Jetzt singen und lärmen auf den Höfen und breiten Treppen französische Soldaten, in jedem Zimmer stehen Betten für ein paar hundert Mann, auf dem großen Burghofe ist immer Parade. Säle umfing dieser Palast, weit und hochgewölbt, als hätte man den Burghof mit seiner Wolkenbedachung nachahmen wollen. Durch drei Fußböden übereinander ist ein einziger solcher Saal in vier Räume und jeder wieder mit Zwischenwänden durchbaut, und doch sind die riesigen Umrisse noch nicht verdunkelt. Durch diese Kasernen tritt man in die Kapellen und Gefängnisse, hohe Gemächer mit bedeutungsvollen Inschriften.

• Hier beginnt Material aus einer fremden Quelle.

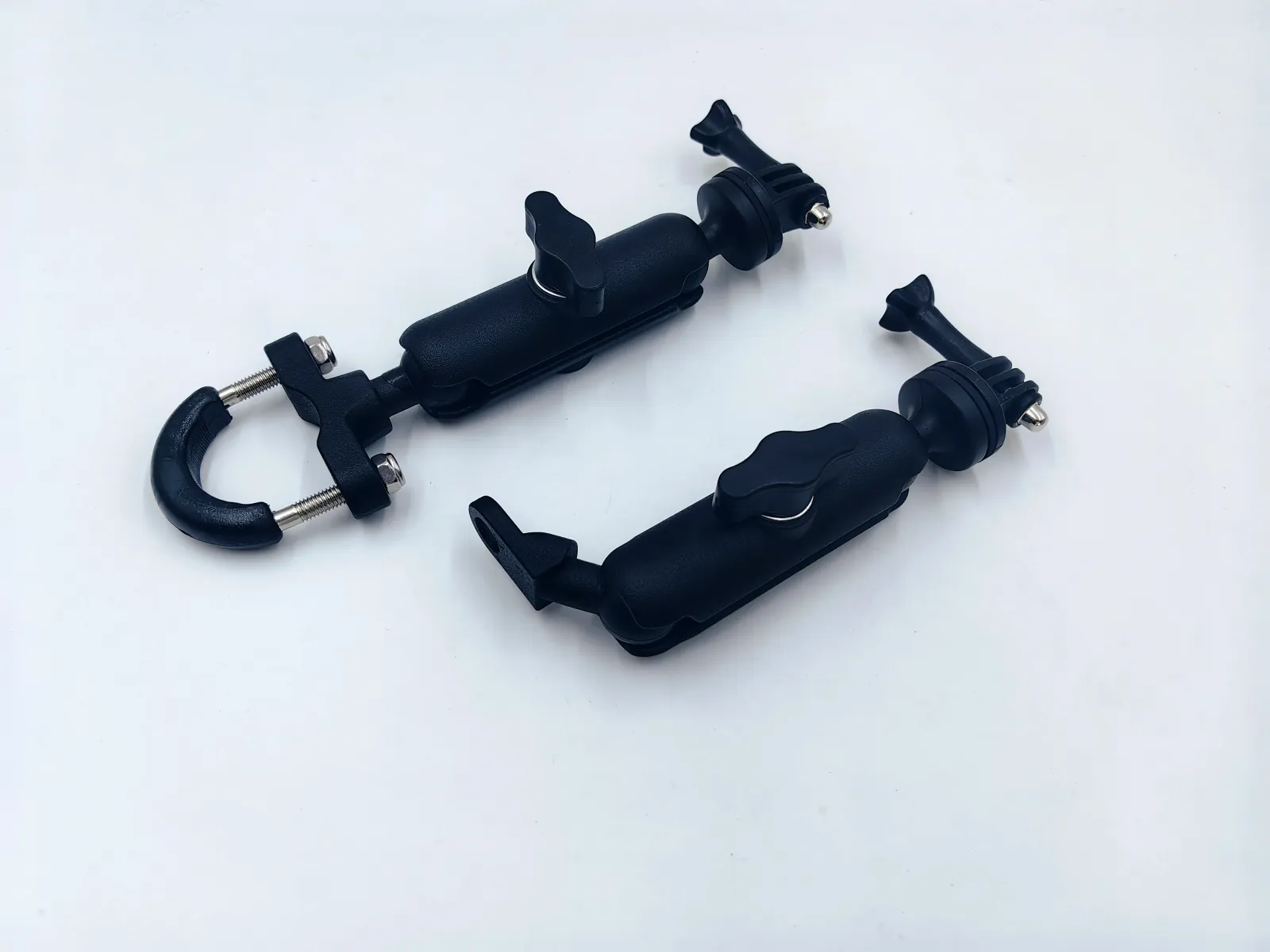 Caméra d'action fixée sur une moto lors d'une sortie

Im Inquisitionsthurme steht: „Richtend sitze ich und in der Rechten halte ich das Schwert.“ Es wurde da Gericht gehalten über die Völker Europas, alle fügten sich, nur die Deutschen nicht. In den Gefängnissen liest man an den Wänden neben den Folterwerkzeugen zahllose Namen und Sprüche. Auffallend häufig ist das Gebet wiederholt: „Herr führe uns nicht in Versuchung!“ Auf der Höhe einer dieser Thürme wird die Oeffnung gezeigt, durch welche die Schlachtopfer der Revolution zweihundert Fuß tief hinunter gestürzt wurden; die alte Beschließerin will die Schreckensszenen erlebt haben, sie erzählt grauenhafte Geschichten und zeigt auf die vertrockneten Blutströme an den Wänden. Auch dieser Thurm ist jetzt durchbaut, aber der Schrecken haftet noch Jahrhunderte daran. Ganz unten im selben Thurm trägt ein Gefängniß den Namen des Cola Rienzi. Unter diesen düsteren Erinnerungen erfreuen uns doppelt die wenigen Reste der Kunst, die noch erhalten sind, namentlich einige Freskogemälde, mit kraftvoll und natürlich gezeichneten Figuren und offen blickenden Köpfen; das eine Bild stellt eine Gesellschaft von Männern und Frauen vor in der Tracht aus den Zeiten Petrarkas. Noch lange wird man durch Trümmer, finstere Höfe und durchgebaute Wölbungen und Kirchen geführt. Die Aussicht von den Thürmen beherrscht die ganze Stadt und die weitesten Umgebungen. Das Ganze war durch und durch zu einer Festung angelegt, vor deren Anblick schon jede Hoffnung des Erstürmens schwindet, die aber dennoch ihren Bewohnern weiträumige glanzvolle Säle und Gemächer gewähren sollte. Die Pracht ist verschwunden, die Festung aber ist geblieben.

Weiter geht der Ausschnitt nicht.